Then, of course, there’s SpaceX and Tesla boss Elon Musk, who spent nearly $300 million to help the presidential campaign and has been on his side ever since.
It is an impressive sight. The last public event in Washington that brought so many tech bosses together in one room was the 2020 congressional hearings targeting their companies.
Today, most firms still have serious outstanding issues with the US government, including antitrust lawsuits, investigations, regulatory battles and tariffs.
Last week, Sens. Elizabeth Warren and Michael Bennet, both Democrats, shared a letter addressed to the executives, accusing them of trying to “coddle the incoming Trump administration to avoid scrutiny, limit regulation and buy favors.”
“Funny they never sent me one of these for contributing to the Democratic Party,” Altman wrote back on social media.

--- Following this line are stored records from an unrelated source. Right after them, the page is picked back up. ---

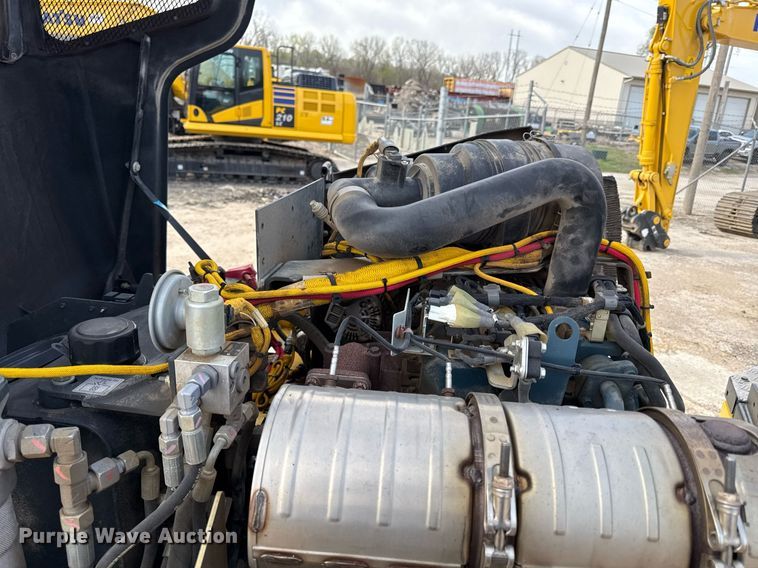 image for item ED4203 2021 Bomag BW138AD-5 double drum vibratory roller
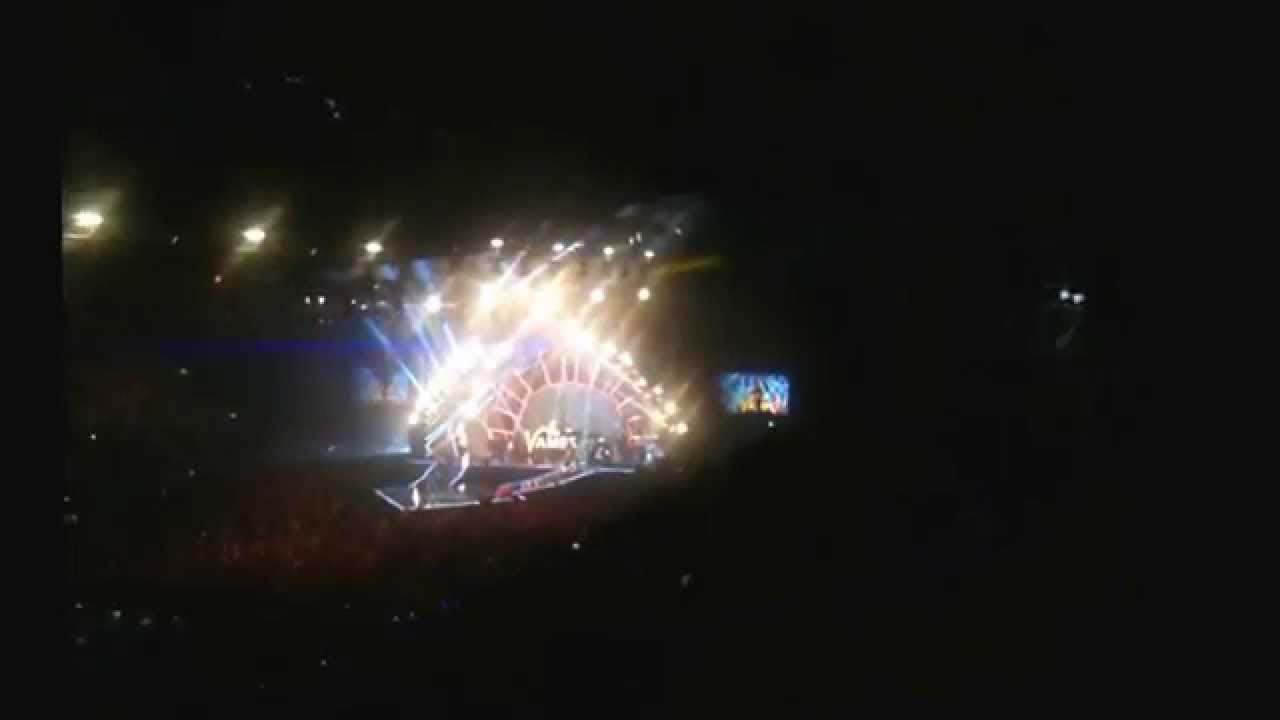 Oh Cecilia- The Vamps ft Shawn Mendes (2014 Teen Awards)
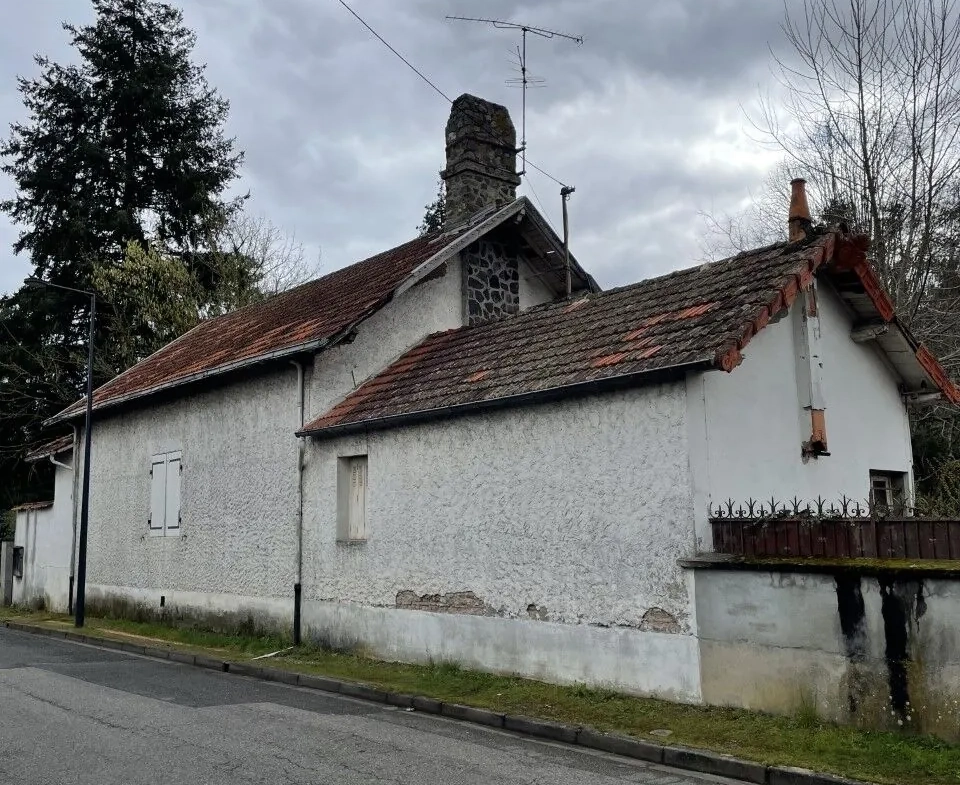 Maison à rénover à Bellerive-sur-Allier proche du CREPS - 115 m² habitable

How sustainable the tech bromance is, and how far Trump will push on many of these issues, remain open questions.
But the president, who left office the first time as something of an outcast in the business world, seems to be relishing his new position.

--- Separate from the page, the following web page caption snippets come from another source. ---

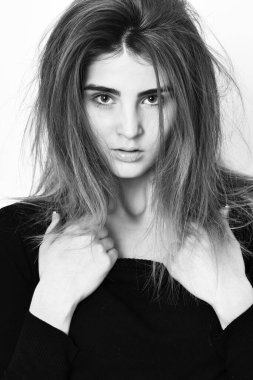 Siyah kazakla poz veren çok tatlı seksi beyaz kız.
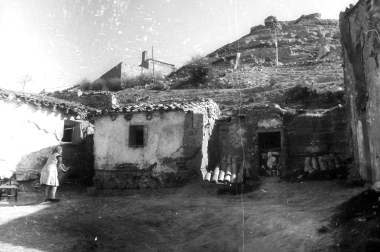 Imagen de las casas-cueva que existían bajo el Castillo de Ablitas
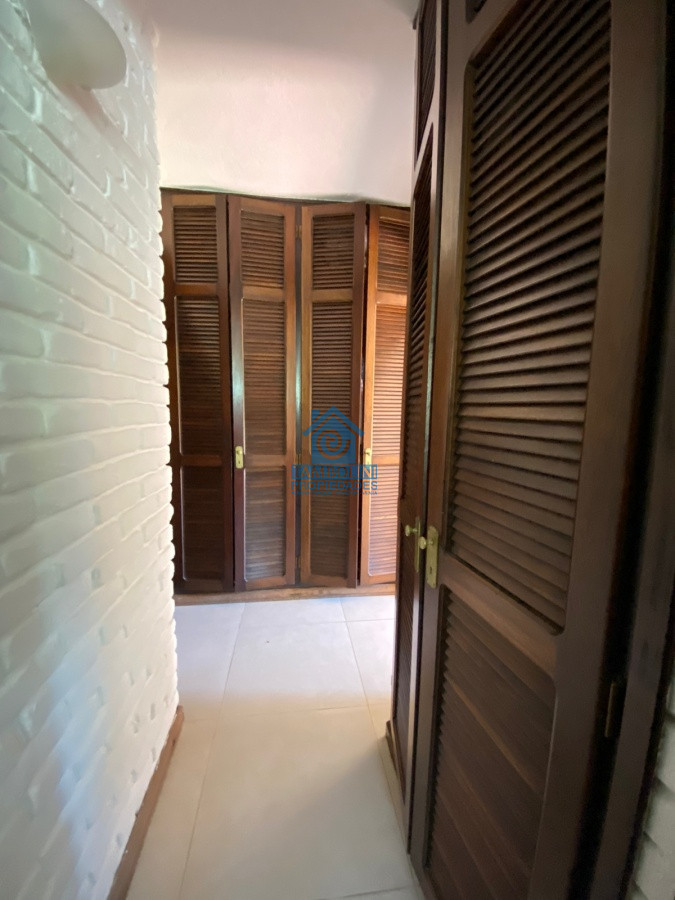 Casa ID.485 - Alquiler temporario de casa de tres dormitorios con piscina en Barrio Lugano a pasos de Punta Shopping, Punta del Este
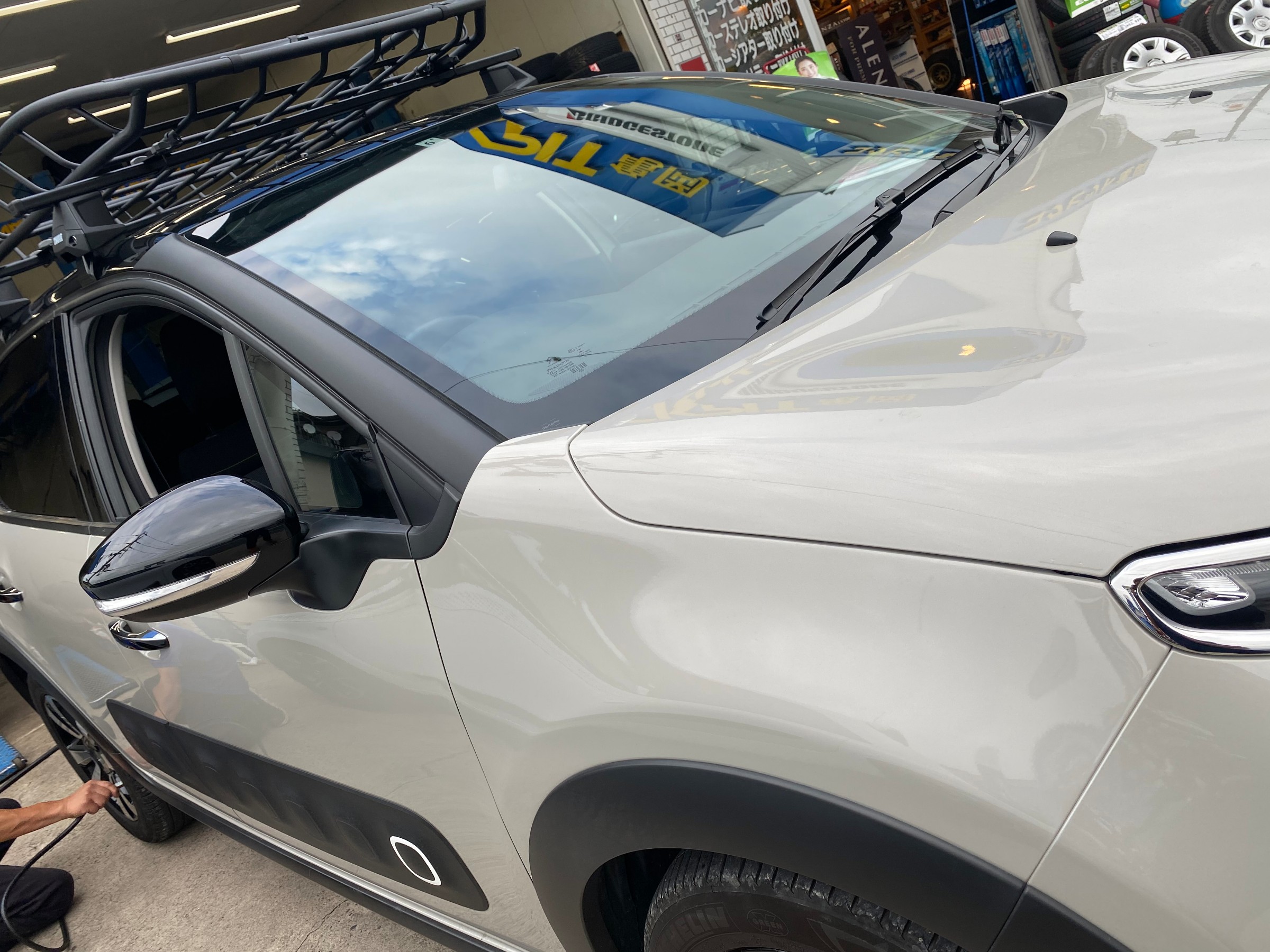 シトロエン C3 キャリア 取付 スーリー | シトロエン C3 その他パーツ | KAMEOKA DIARY | コクピット 亀岡 |  車のカスタマイズにかかわるスタッフより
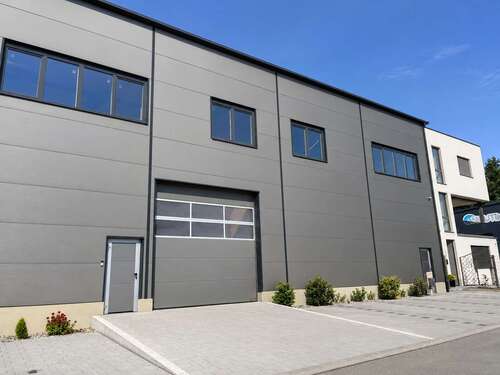 Foto - Halle in Huttenheim 1.600,00 € 225 m²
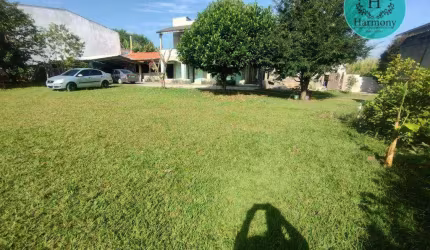 Chácara com 3 dormitórios à venda, 1100 m² por R$ 390.000,00 - Vila Favorino - Caçapava/SP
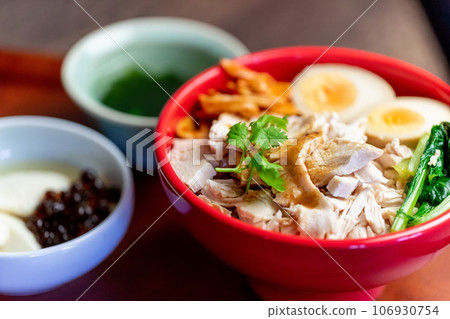 Chicken rice (Jirofan) 106930754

As he wrote on social media last month: “Everybody wants to be my friend!!!”
Trump’s friendship with tech executives didn’t sit well with everyone in his circle.
Former Trump White House chief strategist Steve Bannon on Sunday called Musk a “really bad guy,” saying he wanted him “out of here before Inauguration Day.”
“The way I look at it, and I think most people in our movement look at it, is that President Trump broke the oligarchs, he broke them, and they gave up,” Bannon told ABC News.